= Beginning of Section =
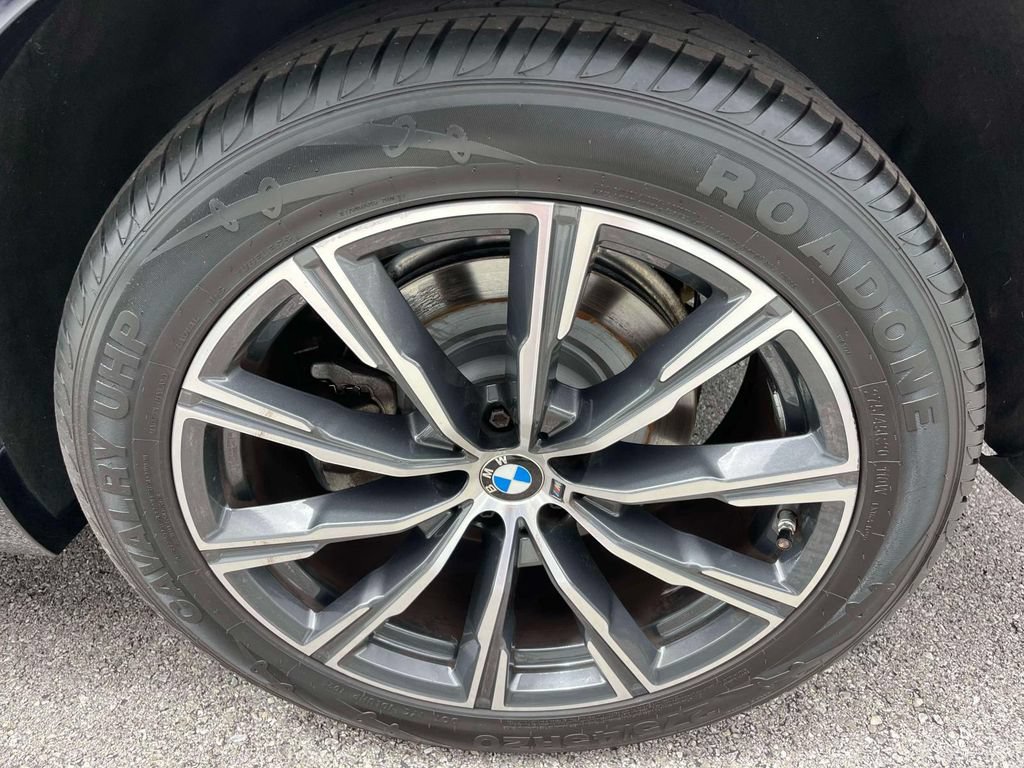 Used 2021 BMW X5 xDrive40i w/ M Sport Package AWD/4WD image 11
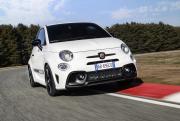 New_Abarth_695_Competizione_pack_(4).jpg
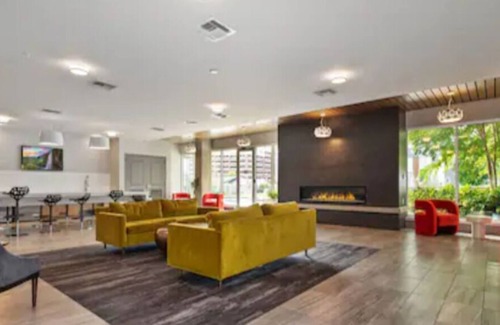 Downtown Baltimore Apartamento | New serene 5 min UMMC High ceilings We Love pets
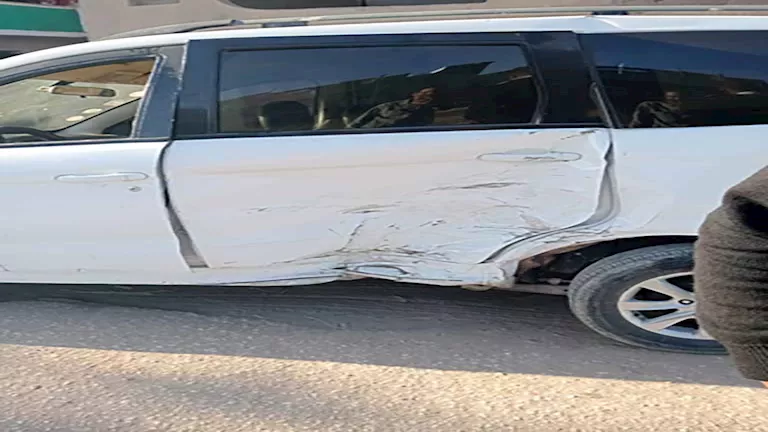 بالصورـ 6 مصابين في تصادم سيارتين على الطريق الزراعي بأسيوط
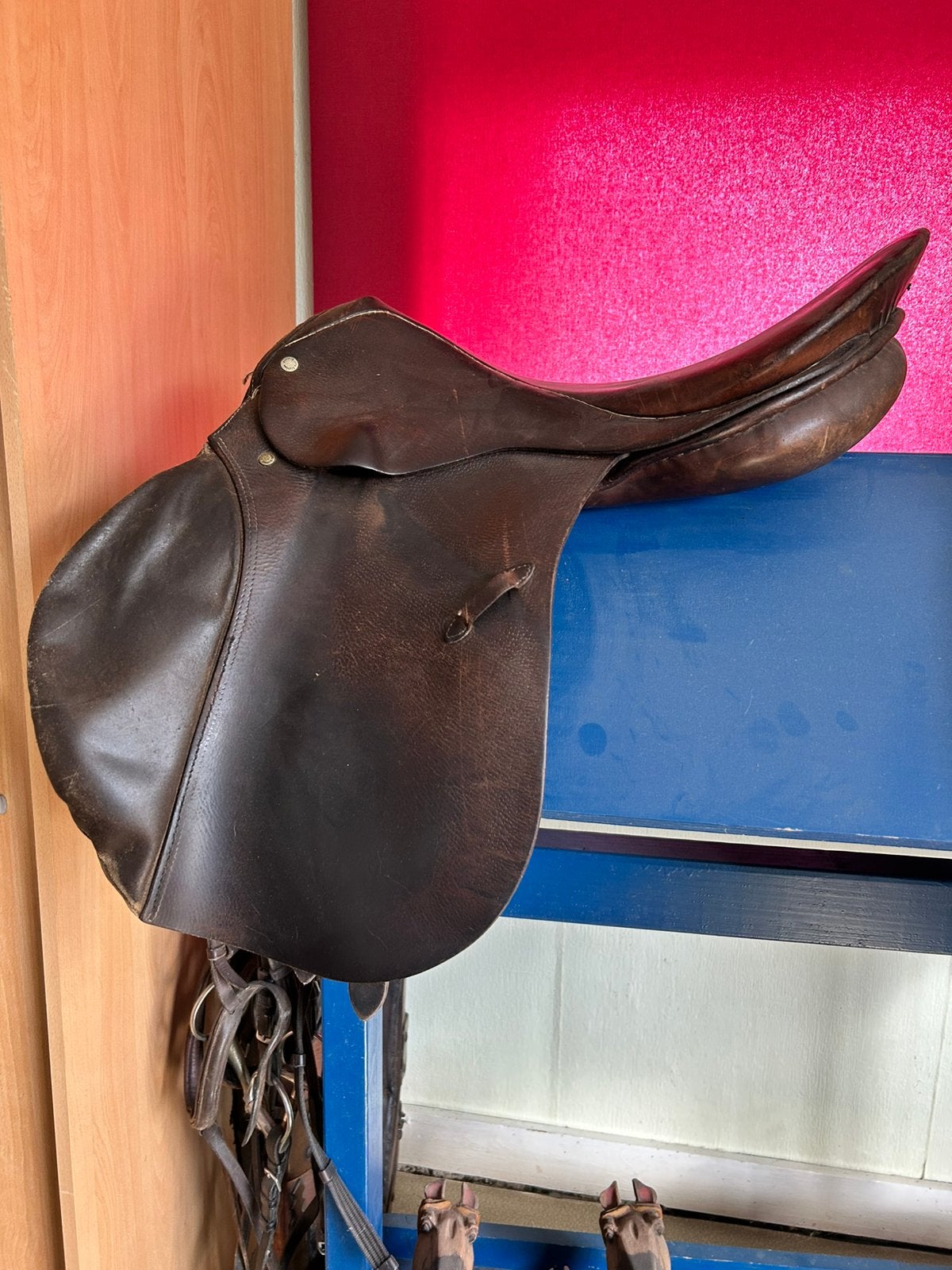 Paardenzadels+ander materiaal, Enlèvement, Western, Poney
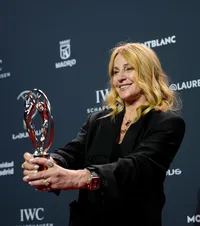Nadia, ce moment!    FOTO:  Legenda gimnasticii,   premiată la Gala Laureus.  A plâns când Simone Biles a numit-o „eroina mea” și i-a mulțumit soțului ei: „M-ai salvat”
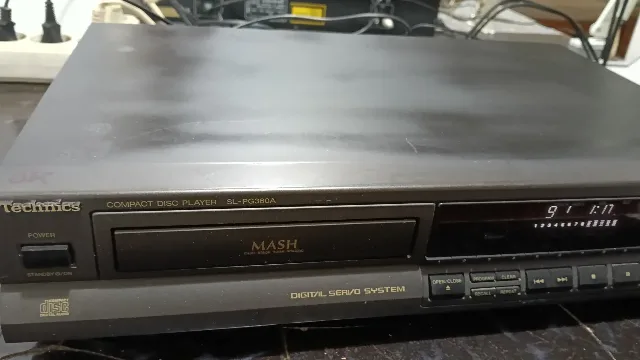 CD player deck Technics sl-pg 360 – fotografia 2 din 8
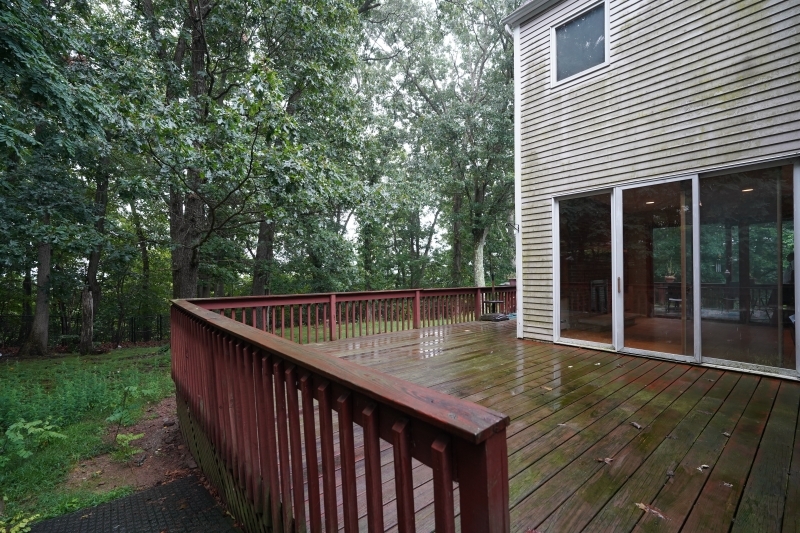 4 Upper Lake Road Jefferson NJ 07438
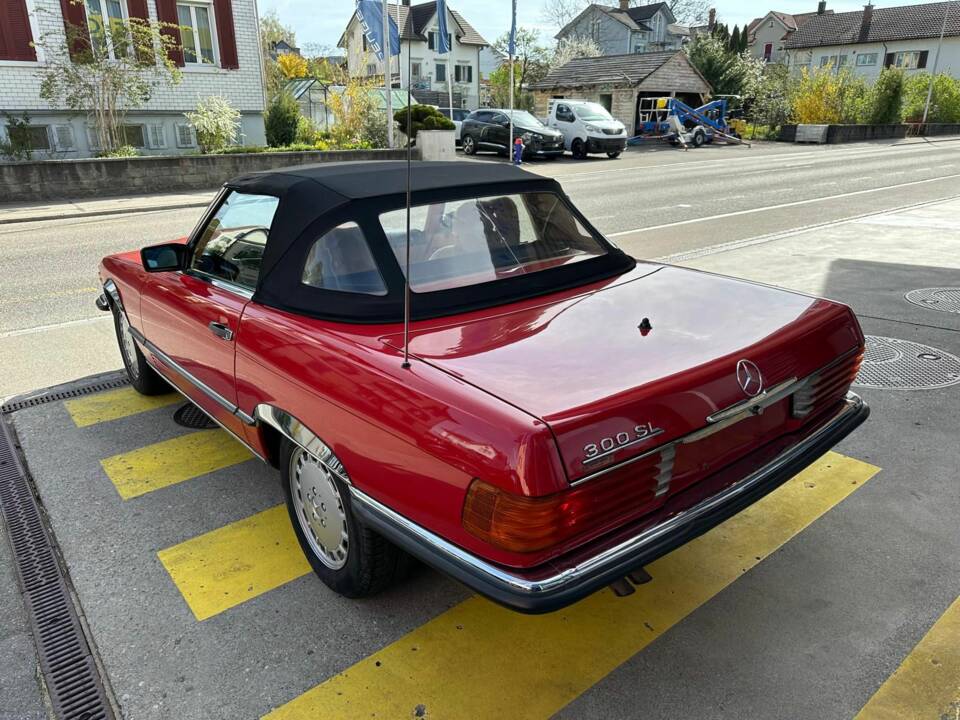 Image 16/20 of Mercedes-Benz 300 SL (1987)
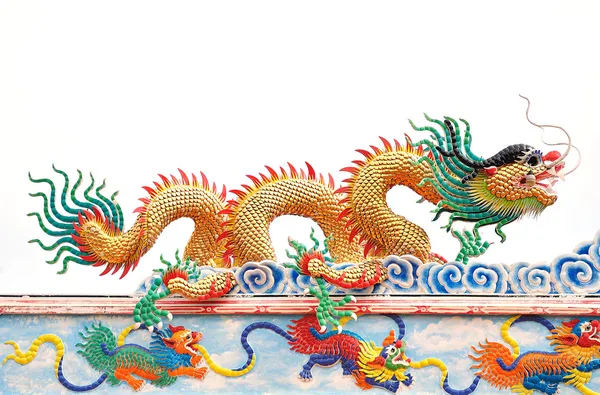 Статуя дракона на крыше китайского храма — стоковое фото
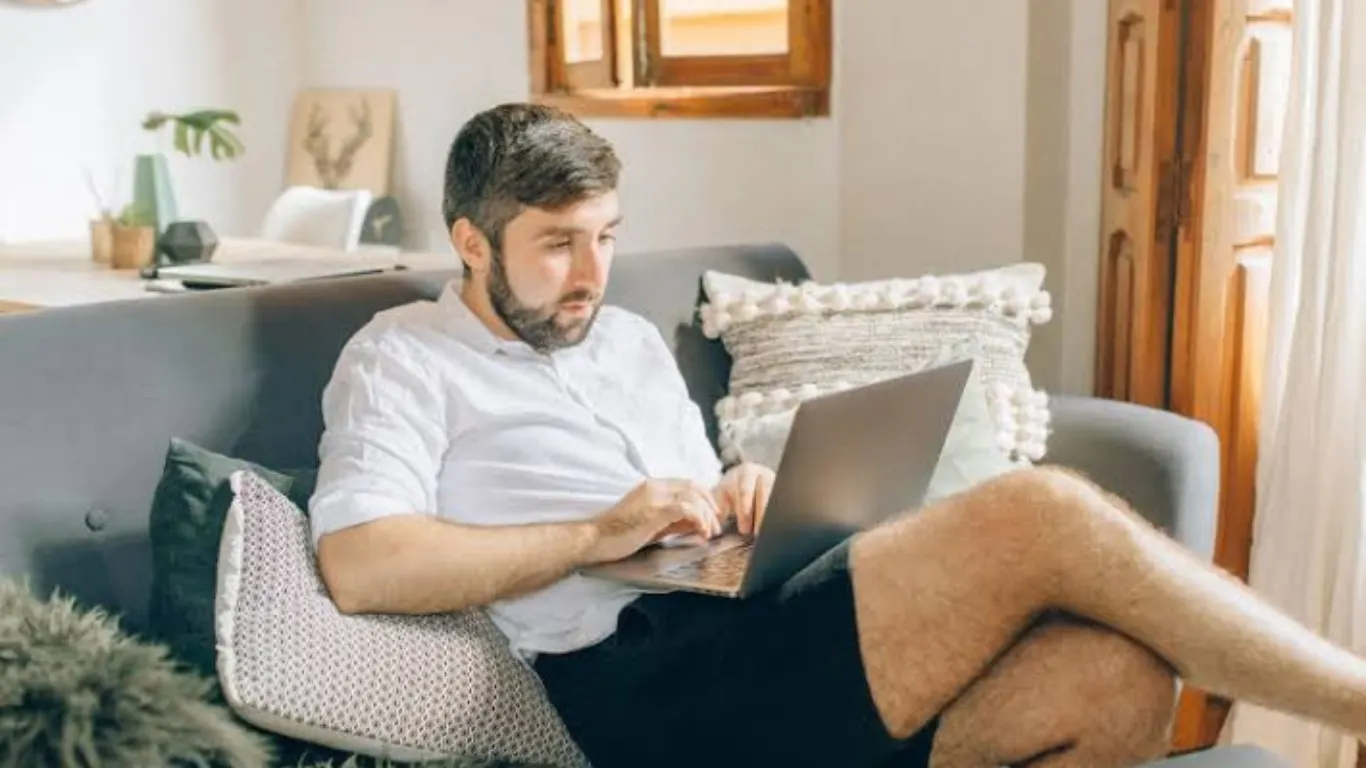 The Comfortable Yet Professional Looks Nobody Warned You About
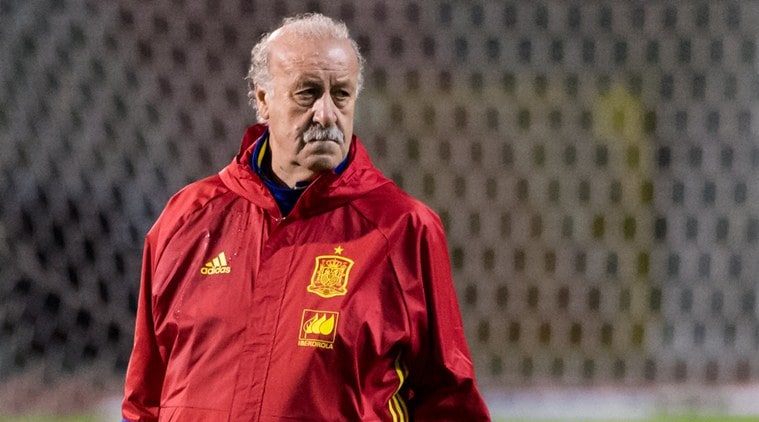 FILE - In this Monday, Nov. 16, 2015 file photo, Spain's national soccer team coach Vincente Del Bosque watches his players during a training session at the King Baudouin stadium in Brussels. (AP Photo/Geert Vanden Wijngaert, File)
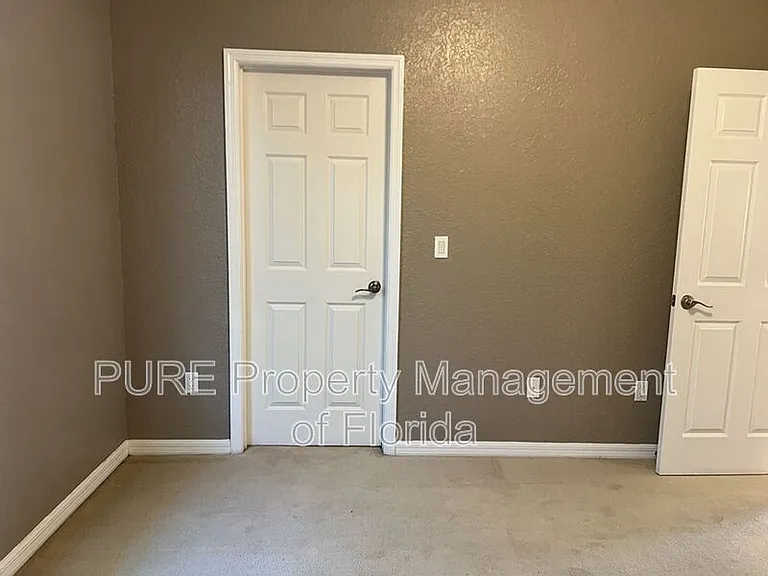 1035 SW 33rd Pl — Photo 20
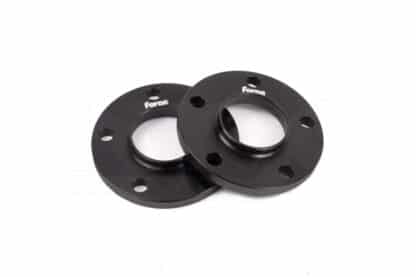 please ensure the spacer fits flat to the back of the wheel.&nbsp;Please also test for clearance after fitment at the wheel arch under full right and left wheel lock.&nbsp;These spacers are priced and sold per pair.</strong>&nbsp;<strong>These wheel spacers are hubcentric</strong></p>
= End of Section =
Instructions to follow:
Repeat all of the entries above exactly. Keep pictures out of it.

Solution for this exercise:
 Used 2021 BMW X5 xDrive40i w/ M Sport Package AWD/4WD image 11
 New_Abarth_695_Competizione_pack_(4).jpg
 Downtown Baltimore Apartamento | New serene 5 min UMMC High ceilings We Love pets
 بالصورـ 6 مصابين في تصادم سيارتين على الطريق الزراعي بأسيوط
 Paardenzadels+ander materiaal, Enlèvement, Western, Poney
Nadia, ce moment!    FOTO:  Legenda gimnasticii,   premiată la Gala Laureus.  A plâns când Simone Biles a numit-o „eroina mea” și i-a mulțumit soțului ei: „M-ai salvat”
 CD player deck Technics sl-pg 360 – fotografia 2 din 8
 4 Upper Lake Road Jefferson NJ 07438
 Image 16/20 of Mercedes-Benz 300 SL (1987)
 Статуя дракона на крыше китайского храма — стоковое фото
 The Comfortable Yet Professional Looks Nobody Warned You About
 FILE - In this Monday, Nov. 16, 2015 file photo, Spain's national soccer team coach Vincente Del Bosque watches his players during a training session at the King Baudouin stadium in Brussels. (AP Photo/Geert Vanden Wijngaert, File)
 1035 SW 33rd Pl — Photo 20
 please ensure the spacer fits flat to the back of the wheel.&nbsp;Please also test for clearance after fitment at the wheel arch under full right and left wheel lock.&nbsp;These spacers are priced and sold per pair.</strong>&nbsp;<strong>These wheel spacers are hubcentric</strong></p>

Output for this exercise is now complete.